## Q

Import `numpy`, `pandas`, `pingouin`, `seaborn`, and the `stats` module from `scipy`.

## A

In [None]:
import numpy as np
import pandas as pd
from scipy import stats
import seaborn as sns
import pingouin as pg

# Descriptive statistics

## Q

Load the `mi.csv` data file located in the `../data` directory into a DataFrame (the first column in the file is an index column), and inspect its content printing:
* the first rows, with column names,
* a summary table of all the variables,
* a summary table of the categorical variables only.

## A

In [None]:
df = pd.read_csv('../data/mi.csv', index_col=0)

In [None]:
df.head()

In [None]:
df.describe().T

In [None]:
df.describe(exclude='number').T

## Q

Inspect the relationship between variables `Age` and `OwnsHouse`. What type of plots is most suitable?

## A

In [None]:
# categorical vs continuous => boxplot, violinplot
sns.boxplot(x='OwnsHouse', y='Age', data=df);

In [None]:
sns.boxplot(x='OwnsHouse', y='Age', data=df);
sns.swarmplot(x='OwnsHouse', y='Age', hue='OwnsHouse', data=df, linewidth=1, size=3, legend=False);

The "Yes" and "No" levels might have been interchanged.

## Q

Draw a box plot (or violin plot) of variable `Age` for two categorical variables, say `OwnsHouse` and `LivesWithKids`.

## A

In [None]:
ax = sns.boxplot(x='OwnsHouse', y='Age', data=df, hue="LivesWithKids")
#sns.move_legend(ax, bbox_to_anchor=(1.02, 1), loc='upper left', borderaxespad=0);

## Q

Isolate the house-owners group from the others, and report their mean age(s) as $99\%$ confidence interval(s).

## A

In [None]:
owns_house = df.groupby('OwnsHouse').groups
house_owners_age = df.loc[owns_house['Yes'], 'Age']
others_age = df.loc[owns_house['No'], 'Age']

In [None]:
mean = np.mean(house_owners_age)
sem = stats.sem(house_owners_age)
distribution_of_the_mean = stats.norm(mean, sem)

In [None]:
distribution_of_the_mean.interval(.99)

### Bonus

Alternative calculation, for both groups:

First we need to evaluate the inverse survival function of the standard normal distribution at $0.005$.

In [None]:
alpha = 0.01
z = stats.norm().isf(alpha / 2)

In [None]:
for group_name, group_age in (
    ('House owners', house_owners_age),
    ('Others', others_age),
):
    m = np.mean(group_age)
    z_times_sem = z * stats.sem(group_age)
    print(f'{group_name}: {m:.2f} ± {z_times_sem:.2f} years old on average')

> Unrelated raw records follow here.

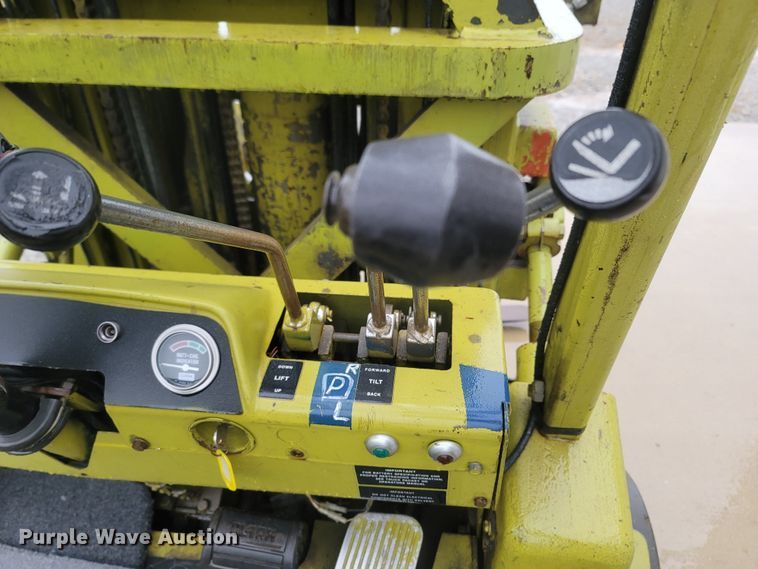 image for item MH9615 Clark EC500-40TL  forklift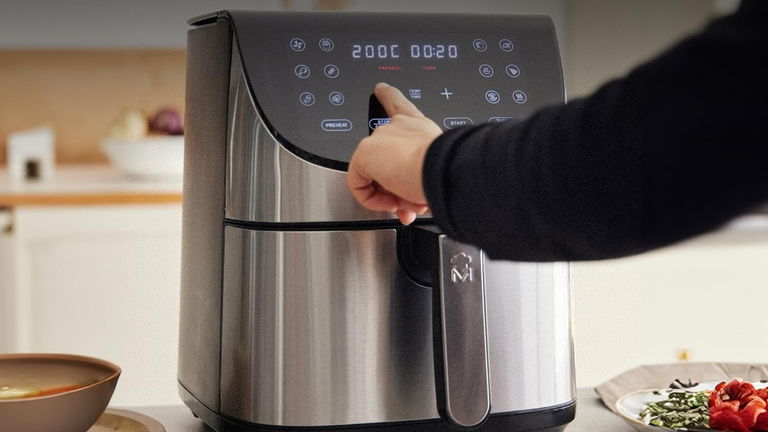 A mitad de precio esta freidora de aire de 7 litros, con pantalla táctil, 12 programas y un regalo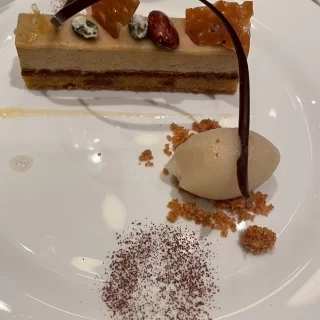 コースのケーキです。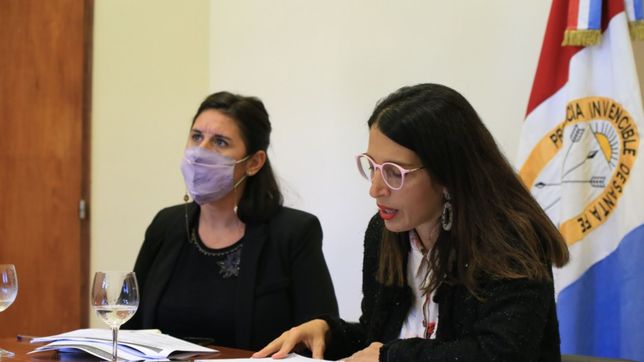 las escuderas silenciosas de perotti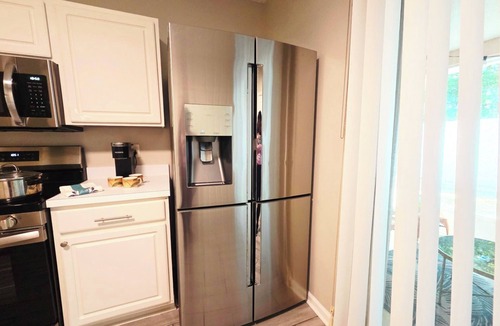 Arlington House | 10 Min. to Everbank Field, Downtown, 15 Min. to Mayport and Jax Beaches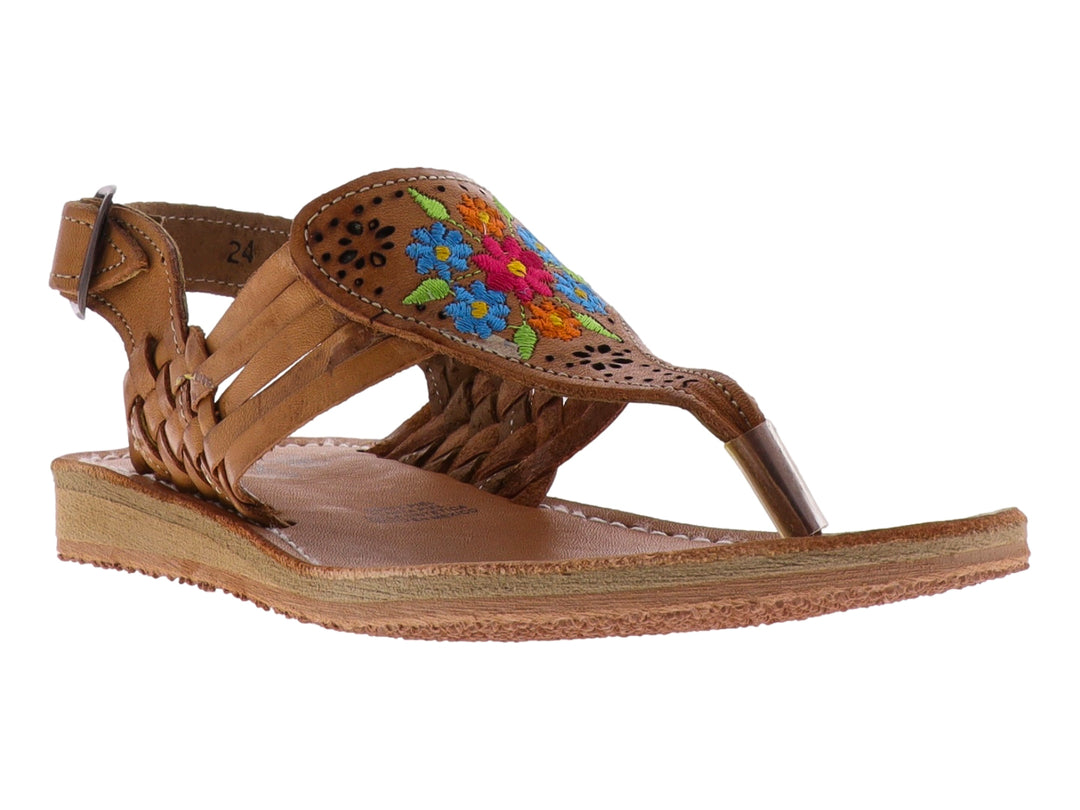 Sandalia plana de cuero color tan con bordado floral multicolor y tiras tejidas.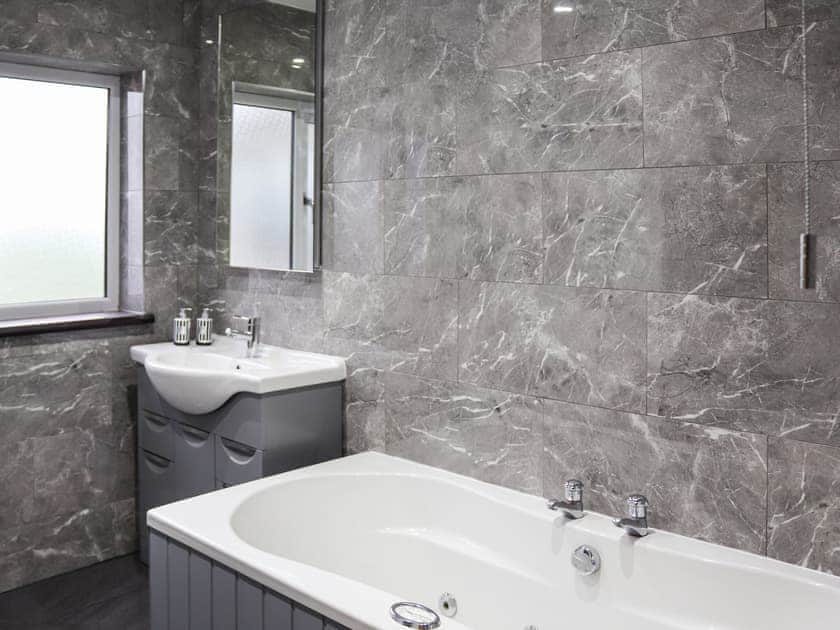 Bathroom | Ty’n Rallt, Bodorgan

# Tests on single variables

Let us consider the logarithm of variable `HeartRate`.

In [None]:
df['logHeartRate'] = np.log(df['HeartRate'])
sns.histplot(df, x='logHeartRate', hue='Sex');

## Q

Draw Q-Q plots for variables `HeartRate` and `logHeartRate`.

## A

In [None]:
pg.qqplot(df['HeartRate']);

In [None]:
pg.qqplot(df['logHeartRate']);

## Q

Perform an omnibus normality test (`normaltest`) on the `logHeartRate` variable for the different levels of variable `Sex`.

## A

In [None]:
pg.normality(df, dv='logHeartRate', group='Sex', method='normaltest')

### Bonus

Normality test with SciPy (more convenient if your data are a NumPy array):

In [None]:
sex = df.groupby('Sex').groups
logHeartRate_female = df.loc[sex['Female'], 'logHeartRate']
stats.normaltest(logHeartRate_female)

## Q

Perform a Welch *t*-test on `logHeartRate` between males and females.

## A

In [None]:
# define your significance level first!
significance_level = 0.05

# define the two groups whose means are to be compared
logHeartRate_female = df.loc[sex['Female'], 'logHeartRate']
logHeartRate_male = df.loc[sex['Male'], 'logHeartRate']

# test whether the group means equal or differ
pg.ttest(logHeartRate_female, logHeartRate_male, confidence=1-significance_level)

Note: T>0 implies the first group's mean is greater than the second group's mean.

With SciPy, usage is very similar, although per default group variances are assumed equal. Welch *t*-test can be selected with `equal_var=False`:

In [None]:
test_result = stats.ttest_ind(logHeartRate_female, logHeartRate_male, equal_var=False)
test_result

In [None]:
test_result.pvalue <= significance_level

## Q

Instead of taking the log of `HeartRate` and perform a parametric *t*-test, we could have performed a non-parametric Mann-Whitney *U* Test, for example.

Check we also find a difference between males and females' means with this latter test.

## A

In [None]:
HeartRate_female = df.loc[sex['Female'], 'HeartRate']
HeartRate_male = df.loc[sex['Male'], 'HeartRate']
pg.mwu(HeartRate_female, HeartRate_male)

# Comparing two distributions

Now let proceed to comparing age between people living with kids and those living without kids.

In [None]:
sns.boxplot(x='LivesWithKids', y='Age', data=df)
sns.swarmplot(x='LivesWithKids', y='Age', hue='LivesWithKids', data=df, linewidth=1, size=3, legend=False);

## Q

Looking at the distributions, it does not make sense to compare the group means. Let us perform a two-sample goodness-of-fit test instead.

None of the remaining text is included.